Protestants have all along denounced such agreements as a flagrant betrayal
of the Church’s ideals, or as examples of the Papacy’s overweening political
ambitions.
But many Catholics are also distressed by what seem now to have been
unsavoury deals. What can be said about them in the present context? To
answer this question, the valuable and academically-sound scholarship of
these authors will be of considerable help.

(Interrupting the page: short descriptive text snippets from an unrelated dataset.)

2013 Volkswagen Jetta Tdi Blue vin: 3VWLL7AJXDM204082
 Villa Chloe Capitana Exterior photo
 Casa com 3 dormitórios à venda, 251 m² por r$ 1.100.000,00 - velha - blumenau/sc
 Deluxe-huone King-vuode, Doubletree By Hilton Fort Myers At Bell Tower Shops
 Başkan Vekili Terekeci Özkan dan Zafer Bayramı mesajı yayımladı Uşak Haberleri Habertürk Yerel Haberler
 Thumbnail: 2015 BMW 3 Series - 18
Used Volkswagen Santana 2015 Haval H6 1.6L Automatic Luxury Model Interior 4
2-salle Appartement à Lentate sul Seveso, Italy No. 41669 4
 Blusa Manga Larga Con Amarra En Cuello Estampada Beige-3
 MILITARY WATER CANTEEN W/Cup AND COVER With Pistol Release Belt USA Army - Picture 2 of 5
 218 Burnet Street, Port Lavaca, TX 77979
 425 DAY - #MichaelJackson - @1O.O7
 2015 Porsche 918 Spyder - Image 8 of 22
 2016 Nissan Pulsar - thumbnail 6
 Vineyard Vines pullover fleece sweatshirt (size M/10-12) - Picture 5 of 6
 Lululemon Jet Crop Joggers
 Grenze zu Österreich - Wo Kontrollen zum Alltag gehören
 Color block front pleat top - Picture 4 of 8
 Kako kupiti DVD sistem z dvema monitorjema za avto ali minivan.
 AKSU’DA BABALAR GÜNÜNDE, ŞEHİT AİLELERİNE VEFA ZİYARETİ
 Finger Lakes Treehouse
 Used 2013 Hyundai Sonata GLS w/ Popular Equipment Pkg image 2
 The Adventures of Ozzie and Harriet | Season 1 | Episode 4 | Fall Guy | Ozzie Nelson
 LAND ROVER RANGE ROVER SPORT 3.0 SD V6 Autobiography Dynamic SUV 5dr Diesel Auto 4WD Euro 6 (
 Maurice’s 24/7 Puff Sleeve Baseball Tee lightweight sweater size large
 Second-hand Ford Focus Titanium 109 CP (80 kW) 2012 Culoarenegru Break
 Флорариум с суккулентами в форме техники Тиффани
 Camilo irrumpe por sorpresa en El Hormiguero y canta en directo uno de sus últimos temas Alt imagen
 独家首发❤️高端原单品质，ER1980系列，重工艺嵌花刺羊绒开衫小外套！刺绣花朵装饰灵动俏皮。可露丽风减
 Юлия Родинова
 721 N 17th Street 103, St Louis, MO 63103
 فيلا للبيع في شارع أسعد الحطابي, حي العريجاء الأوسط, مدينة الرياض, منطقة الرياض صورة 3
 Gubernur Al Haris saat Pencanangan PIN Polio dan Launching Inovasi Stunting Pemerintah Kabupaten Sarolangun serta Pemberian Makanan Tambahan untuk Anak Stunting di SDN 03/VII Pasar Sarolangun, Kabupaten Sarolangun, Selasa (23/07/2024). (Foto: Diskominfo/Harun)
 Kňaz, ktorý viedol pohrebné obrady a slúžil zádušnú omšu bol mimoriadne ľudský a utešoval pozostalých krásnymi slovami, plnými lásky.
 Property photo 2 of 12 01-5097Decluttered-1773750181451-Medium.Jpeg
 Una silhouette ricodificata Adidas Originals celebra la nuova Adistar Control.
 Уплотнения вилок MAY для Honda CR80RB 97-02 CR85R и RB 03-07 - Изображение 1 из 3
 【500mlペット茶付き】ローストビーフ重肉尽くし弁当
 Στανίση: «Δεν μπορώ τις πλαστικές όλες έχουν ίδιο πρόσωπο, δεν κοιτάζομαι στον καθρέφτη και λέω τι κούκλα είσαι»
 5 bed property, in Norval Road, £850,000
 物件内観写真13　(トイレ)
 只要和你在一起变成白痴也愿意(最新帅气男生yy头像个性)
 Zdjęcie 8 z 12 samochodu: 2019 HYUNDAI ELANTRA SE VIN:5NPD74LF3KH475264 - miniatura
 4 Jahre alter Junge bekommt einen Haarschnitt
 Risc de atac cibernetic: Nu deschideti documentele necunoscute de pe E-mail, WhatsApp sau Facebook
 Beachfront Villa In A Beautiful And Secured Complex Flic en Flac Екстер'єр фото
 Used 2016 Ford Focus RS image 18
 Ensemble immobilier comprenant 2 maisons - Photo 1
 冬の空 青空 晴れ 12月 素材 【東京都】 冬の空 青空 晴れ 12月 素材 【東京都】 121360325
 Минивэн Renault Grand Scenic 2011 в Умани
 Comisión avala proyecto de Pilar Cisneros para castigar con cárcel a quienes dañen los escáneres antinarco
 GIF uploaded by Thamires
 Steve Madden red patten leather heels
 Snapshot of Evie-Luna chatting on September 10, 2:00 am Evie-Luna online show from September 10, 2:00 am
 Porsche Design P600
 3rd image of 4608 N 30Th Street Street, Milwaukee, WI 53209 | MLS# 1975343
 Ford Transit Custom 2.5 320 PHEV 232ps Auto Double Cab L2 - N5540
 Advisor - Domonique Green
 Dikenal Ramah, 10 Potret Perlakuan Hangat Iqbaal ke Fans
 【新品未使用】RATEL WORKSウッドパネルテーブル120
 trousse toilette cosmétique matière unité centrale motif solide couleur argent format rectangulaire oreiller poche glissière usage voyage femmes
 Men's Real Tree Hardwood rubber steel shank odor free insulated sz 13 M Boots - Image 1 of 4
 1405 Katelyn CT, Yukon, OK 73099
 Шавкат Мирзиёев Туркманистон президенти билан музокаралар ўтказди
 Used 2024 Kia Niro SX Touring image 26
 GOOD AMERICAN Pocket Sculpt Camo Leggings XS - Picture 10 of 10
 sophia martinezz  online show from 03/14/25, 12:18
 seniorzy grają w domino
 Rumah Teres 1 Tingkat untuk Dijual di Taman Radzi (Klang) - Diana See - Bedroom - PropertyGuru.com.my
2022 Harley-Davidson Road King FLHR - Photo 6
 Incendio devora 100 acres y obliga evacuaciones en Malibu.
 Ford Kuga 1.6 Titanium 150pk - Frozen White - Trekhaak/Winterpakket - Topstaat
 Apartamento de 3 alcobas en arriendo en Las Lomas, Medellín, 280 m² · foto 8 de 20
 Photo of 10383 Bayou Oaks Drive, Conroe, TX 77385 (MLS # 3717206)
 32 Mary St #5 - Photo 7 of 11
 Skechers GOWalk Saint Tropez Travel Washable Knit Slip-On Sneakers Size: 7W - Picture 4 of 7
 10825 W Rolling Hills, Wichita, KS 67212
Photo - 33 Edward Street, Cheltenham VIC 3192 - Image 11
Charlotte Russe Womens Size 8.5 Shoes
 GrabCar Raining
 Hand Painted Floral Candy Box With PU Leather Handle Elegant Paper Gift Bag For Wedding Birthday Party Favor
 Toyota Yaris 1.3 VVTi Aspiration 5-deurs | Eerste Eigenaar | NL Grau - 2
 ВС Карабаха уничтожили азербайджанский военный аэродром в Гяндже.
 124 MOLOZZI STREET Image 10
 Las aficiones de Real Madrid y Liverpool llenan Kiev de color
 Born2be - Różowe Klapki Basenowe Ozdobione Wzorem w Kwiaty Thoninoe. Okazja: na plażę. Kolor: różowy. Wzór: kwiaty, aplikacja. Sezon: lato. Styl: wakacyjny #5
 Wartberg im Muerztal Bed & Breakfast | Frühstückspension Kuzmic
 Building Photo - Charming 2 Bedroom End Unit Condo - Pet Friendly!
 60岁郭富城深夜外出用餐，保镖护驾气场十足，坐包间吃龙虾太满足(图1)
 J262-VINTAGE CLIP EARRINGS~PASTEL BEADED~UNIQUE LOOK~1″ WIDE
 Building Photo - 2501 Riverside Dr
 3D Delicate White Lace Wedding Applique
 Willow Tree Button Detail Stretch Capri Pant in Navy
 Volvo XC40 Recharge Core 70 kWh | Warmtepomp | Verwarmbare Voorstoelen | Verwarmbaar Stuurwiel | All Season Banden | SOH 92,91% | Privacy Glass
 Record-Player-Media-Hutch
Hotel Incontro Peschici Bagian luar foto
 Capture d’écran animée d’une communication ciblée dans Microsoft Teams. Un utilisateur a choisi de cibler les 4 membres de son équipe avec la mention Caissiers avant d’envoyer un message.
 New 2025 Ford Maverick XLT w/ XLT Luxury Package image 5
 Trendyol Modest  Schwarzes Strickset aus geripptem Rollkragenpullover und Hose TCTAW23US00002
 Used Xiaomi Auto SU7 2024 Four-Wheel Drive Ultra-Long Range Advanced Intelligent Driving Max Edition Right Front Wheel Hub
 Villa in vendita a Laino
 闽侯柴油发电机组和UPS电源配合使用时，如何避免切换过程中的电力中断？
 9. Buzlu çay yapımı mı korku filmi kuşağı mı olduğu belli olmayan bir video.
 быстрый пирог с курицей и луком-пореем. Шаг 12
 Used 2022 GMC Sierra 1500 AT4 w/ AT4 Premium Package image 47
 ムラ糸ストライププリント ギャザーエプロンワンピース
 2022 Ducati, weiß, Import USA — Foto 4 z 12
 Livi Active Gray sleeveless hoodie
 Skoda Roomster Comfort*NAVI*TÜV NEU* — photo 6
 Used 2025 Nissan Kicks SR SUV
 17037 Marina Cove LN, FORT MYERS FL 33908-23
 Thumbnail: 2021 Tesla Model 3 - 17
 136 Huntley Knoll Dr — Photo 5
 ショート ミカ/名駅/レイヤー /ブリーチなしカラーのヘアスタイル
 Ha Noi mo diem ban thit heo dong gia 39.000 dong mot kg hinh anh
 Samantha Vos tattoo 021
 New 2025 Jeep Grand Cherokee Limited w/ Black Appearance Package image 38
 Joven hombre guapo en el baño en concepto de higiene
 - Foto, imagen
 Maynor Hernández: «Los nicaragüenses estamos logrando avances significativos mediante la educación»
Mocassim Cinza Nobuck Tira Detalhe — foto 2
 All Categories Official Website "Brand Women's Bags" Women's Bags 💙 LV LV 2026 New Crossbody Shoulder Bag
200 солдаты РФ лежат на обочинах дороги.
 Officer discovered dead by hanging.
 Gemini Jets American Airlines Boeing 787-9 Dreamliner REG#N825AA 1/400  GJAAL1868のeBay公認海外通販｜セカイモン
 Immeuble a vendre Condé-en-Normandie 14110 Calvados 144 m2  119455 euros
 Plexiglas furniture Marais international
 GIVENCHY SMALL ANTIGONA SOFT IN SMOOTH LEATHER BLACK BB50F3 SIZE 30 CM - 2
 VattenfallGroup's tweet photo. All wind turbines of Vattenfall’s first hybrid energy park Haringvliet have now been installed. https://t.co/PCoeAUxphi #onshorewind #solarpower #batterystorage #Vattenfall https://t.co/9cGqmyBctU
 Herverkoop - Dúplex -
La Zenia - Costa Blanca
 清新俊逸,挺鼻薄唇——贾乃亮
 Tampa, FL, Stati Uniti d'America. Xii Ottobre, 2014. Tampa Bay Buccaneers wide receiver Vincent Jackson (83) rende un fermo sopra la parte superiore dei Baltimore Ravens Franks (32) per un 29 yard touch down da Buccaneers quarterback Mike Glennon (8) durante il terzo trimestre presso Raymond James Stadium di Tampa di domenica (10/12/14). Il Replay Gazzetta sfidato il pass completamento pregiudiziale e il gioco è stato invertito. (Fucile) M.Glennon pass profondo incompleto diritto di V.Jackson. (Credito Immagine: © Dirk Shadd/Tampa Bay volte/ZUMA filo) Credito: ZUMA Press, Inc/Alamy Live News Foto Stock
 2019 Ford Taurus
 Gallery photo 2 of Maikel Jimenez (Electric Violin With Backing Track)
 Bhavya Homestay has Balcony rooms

The first thing to note is, of course, that in each case these Concordats
were concluded at a point before these rulers became so notorious. These
deals are controversial only because of the dictators’ subsequent policies
and crimes.
At the time they were assessed differently. Second, we have to note that
Vatican policy is based on very long-term considerations. As the world’s
oldest diplomatic entity, it is the repository of a centuries-old collective
memory (and equally centuries of secret archives). As John Zeender points
out in his introduction, the Vatican for several hundred years has adopted
the practice of seeking to fix relations with the various nation states and
their rulers through publicly-announced and supposedly legally-binding
agreements. Indeed such concordats have been the favourite instrument of
papal diplomacy since the twelfth century. In the modern era, the loss of
directly-ruled Papal territory on the Italian peninsular made the
consolidation of the Vatican’s influence and power in other lands all the
more urgent. And the awareness of how dangerously unpredictable the actions
of upstart rulers could be prompted attempts to secure the position of the
Church, even at the expense of unwelcome compromise.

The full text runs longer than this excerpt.